Without including any images, repeat the listing below exactly.

*** RECORDS PROVIDED Section Begins ***

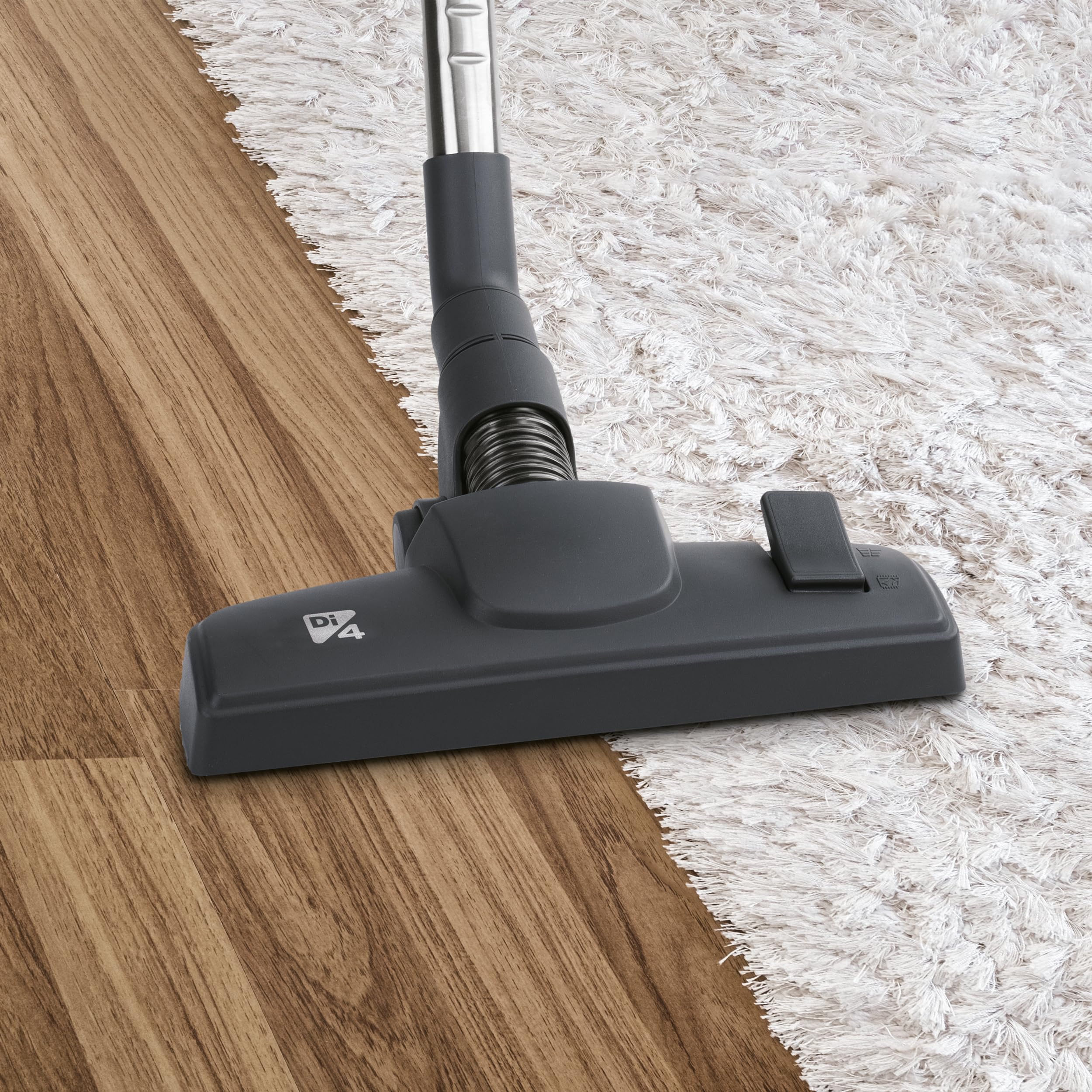 Di4 AquaMax, Leistungsstarker Staubsauger + Polsterreiniger, Carpet Cleaner + Vacuum Cleaner, Nasssauger für Polster, HEPA-Filter, 14 Zubehörteile, Reinigungsmittel Inklusive, 2100W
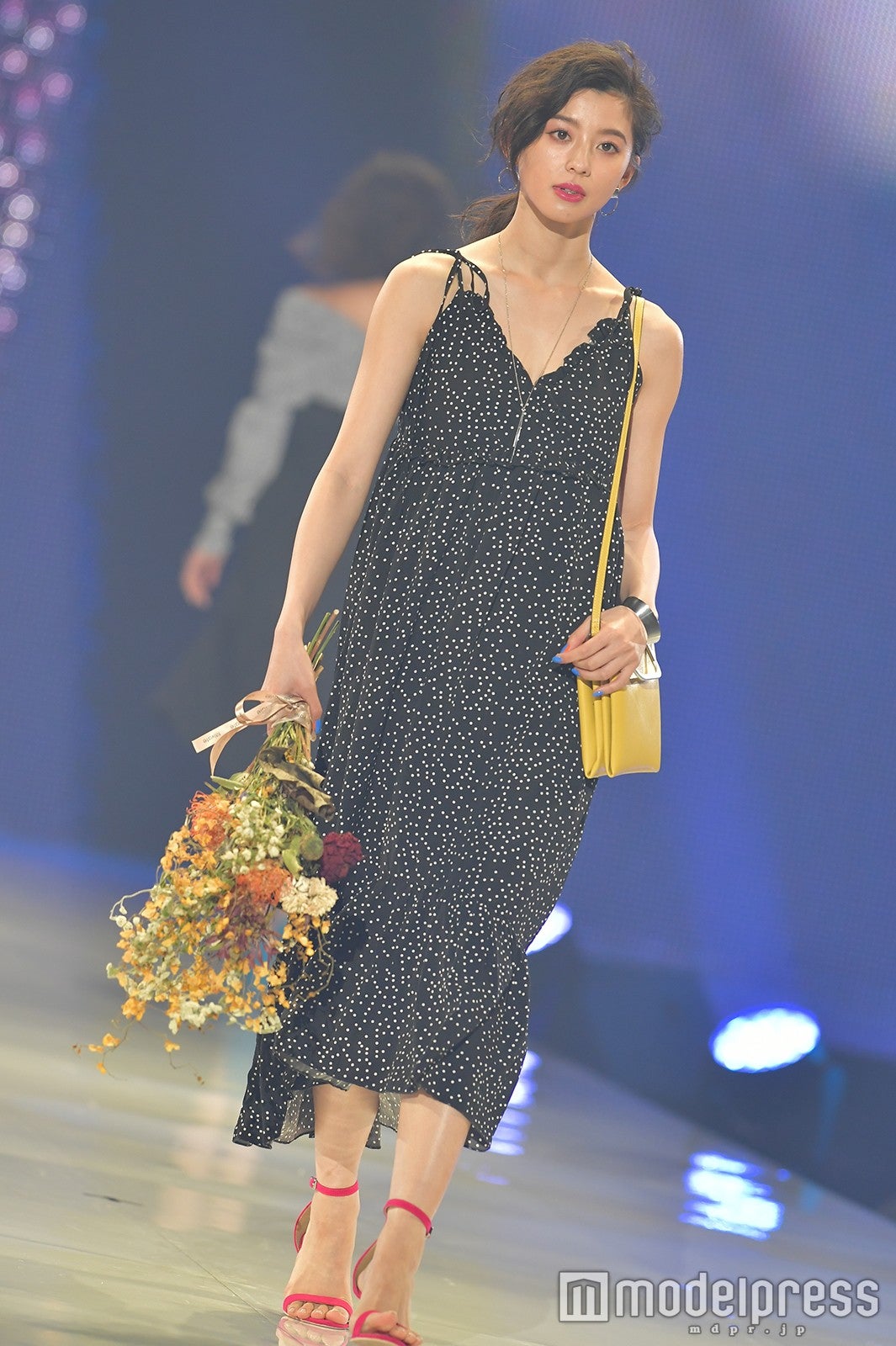 朝比奈彩（C）モデルプレス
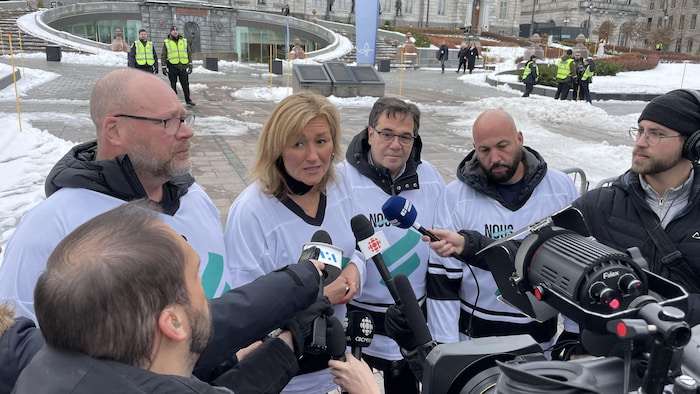 Les quatre chefs syndicaux lors d’une mêlée de presse en face de l’édifice du parlement, à Québec.
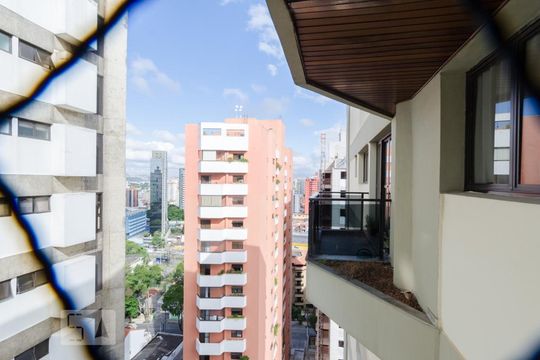 Vista da Varanda da Sala de apartamento à venda com 4 quartos, 140m² em Centro, Santo André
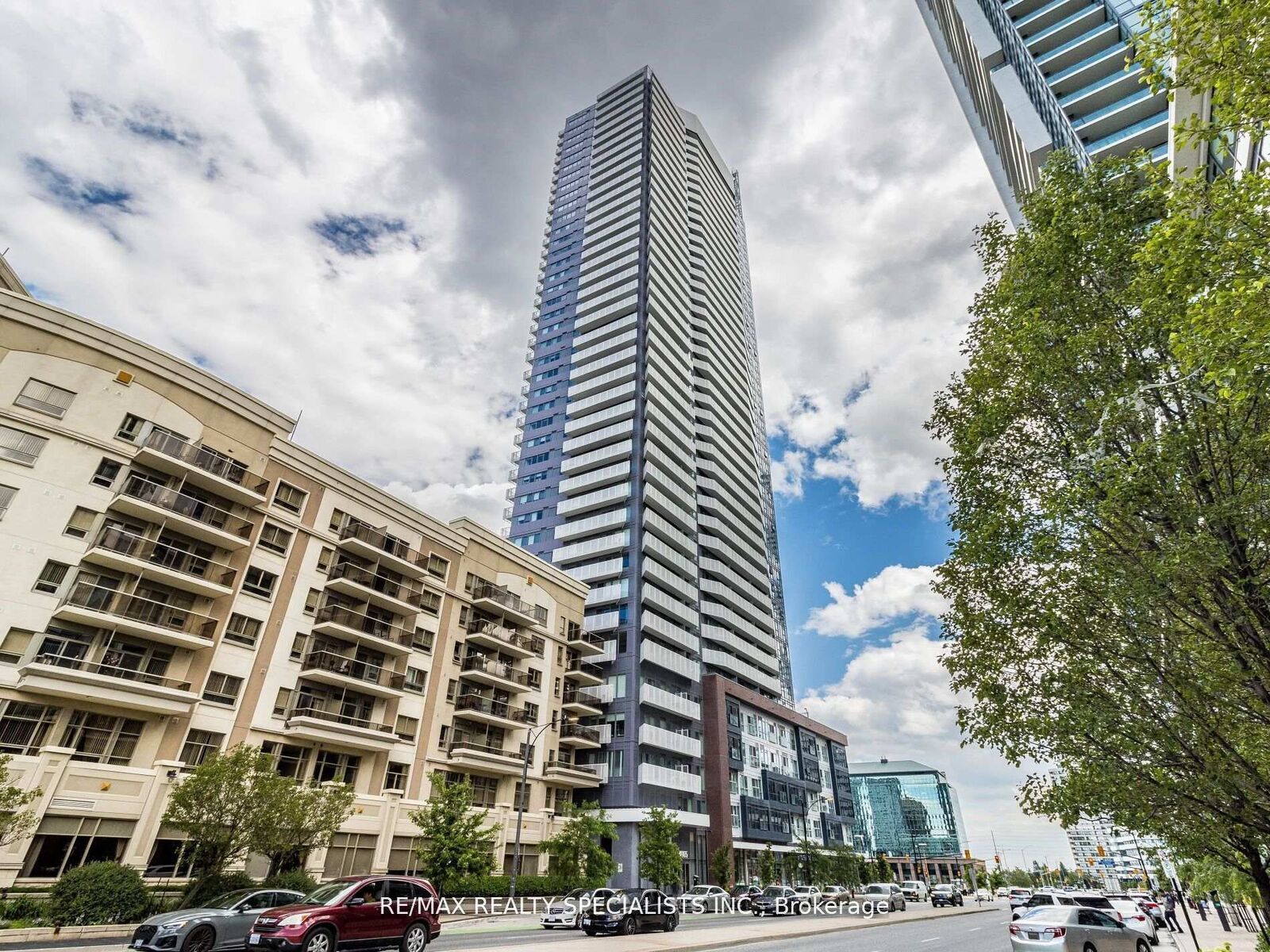 Property Photo: 4065 Confederation Parkway 1511 ON L5B 0L4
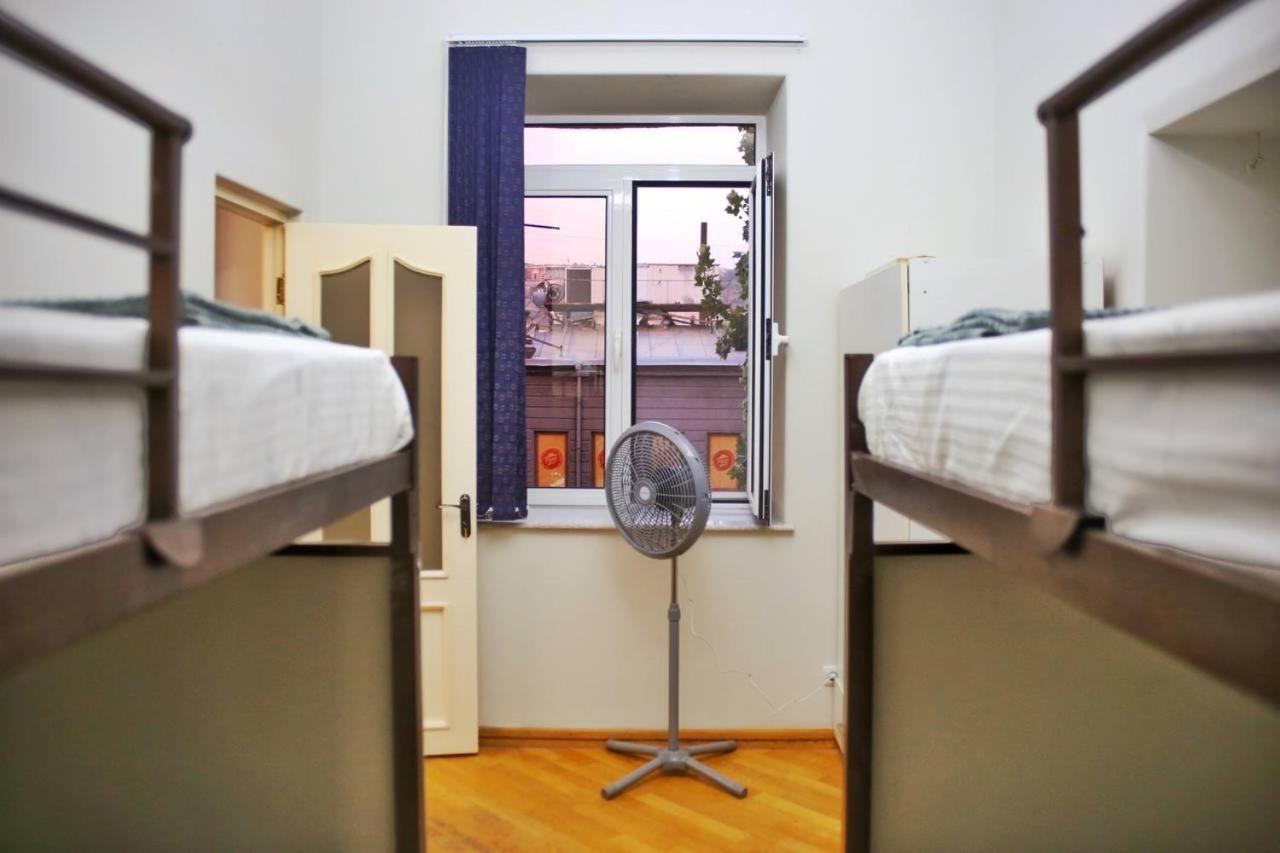 Olympic Hostel 예레반 외부 사진
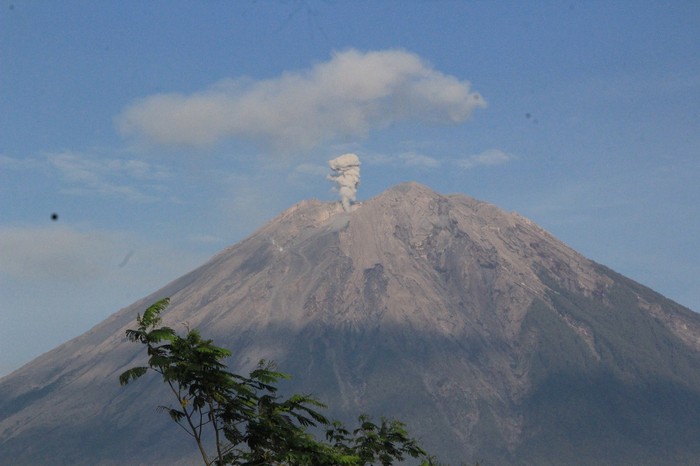 gunung semeru siaga per kamis 9 desember 2022 pukul 12.00 wib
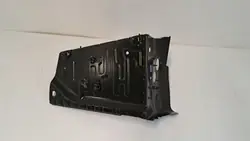 Takakontin lattia oikea puoli OEM 41007431576 BMW 5 G30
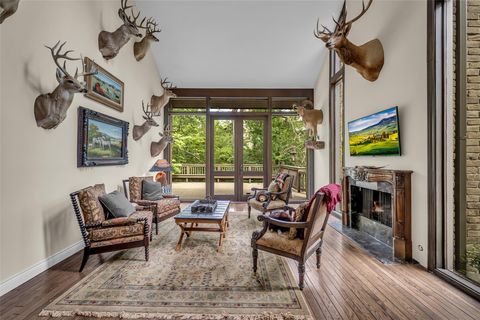 Photo of 20 Sugarberry Circle, Houston, TX 77024 (MLS # 35187020)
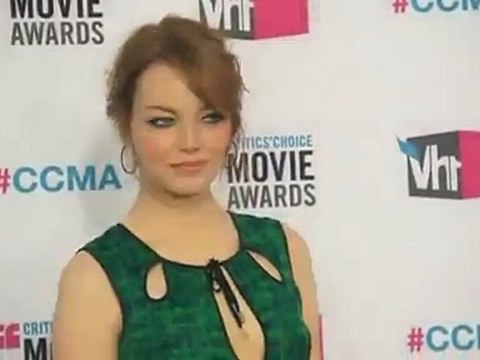 Stars go bold on Critics' Choice red carpet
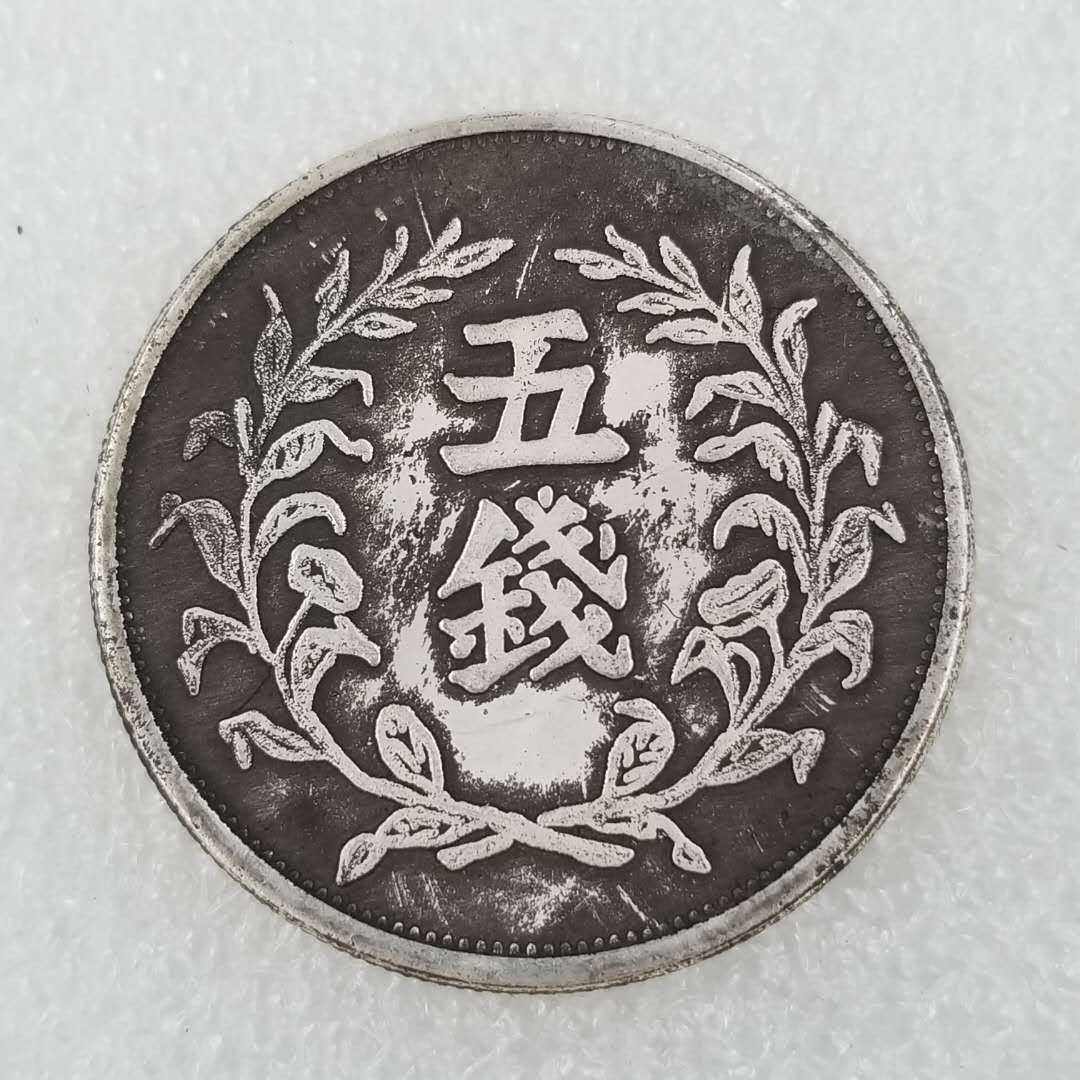 五币钱(五币钱挂在大门上挂在门内还是门外)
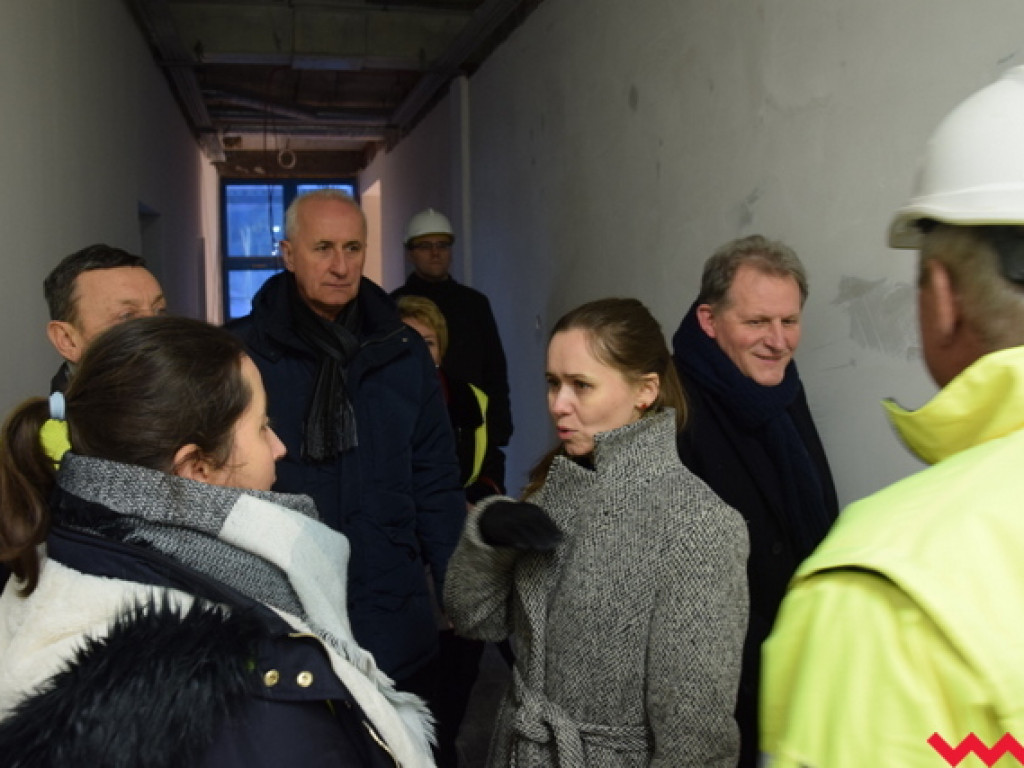 Były biurowiec SIWL-u zmienia się w placówkę oświatową. Finiszują prace budowlane.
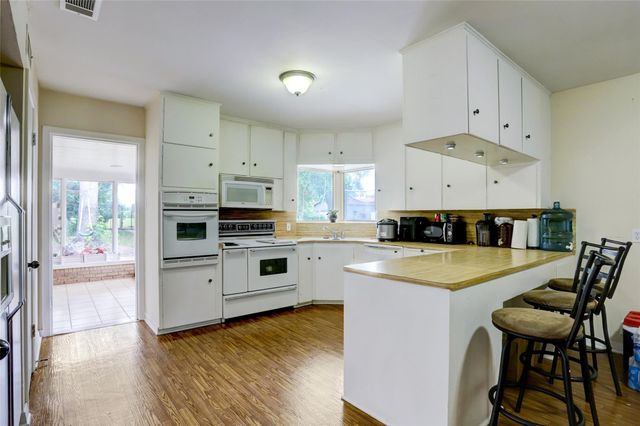 822 N Meyer Street, Sealy, TX 77474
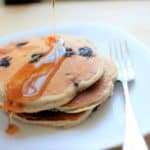 blueberry greek yogurt pancakes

*** RECORDS PROVIDED Section Ends ***

RESULT BELOW
 Di4 AquaMax, Leistungsstarker Staubsauger + Polsterreiniger, Carpet Cleaner + Vacuum Cleaner, Nasssauger für Polster, HEPA-Filter, 14 Zubehörteile, Reinigungsmittel Inklusive, 2100W
 朝比奈彩（C）モデルプレス
 Les quatre chefs syndicaux lors d’une mêlée de presse en face de l’édifice du parlement, à Québec.
 Vista da Varanda da Sala de apartamento à venda com 4 quartos, 140m² em Centro, Santo André
 Property Photo: 4065 Confederation Parkway 1511 ON L5B 0L4
 Olympic Hostel 예레반 외부 사진
 gunung semeru siaga per kamis 9 desember 2022 pukul 12.00 wib
 Takakontin lattia oikea puoli OEM 41007431576 BMW 5 G30
 Photo of 20 Sugarberry Circle, Houston, TX 77024 (MLS # 35187020)
 Stars go bold on Critics' Choice red carpet
 五币钱(五币钱挂在大门上挂在门内还是门外)
 Były biurowiec SIWL-u zmienia się w placówkę oświatową. Finiszują prace budowlane.
 822 N Meyer Street, Sealy, TX 77474
 blueberry greek yogurt pancakes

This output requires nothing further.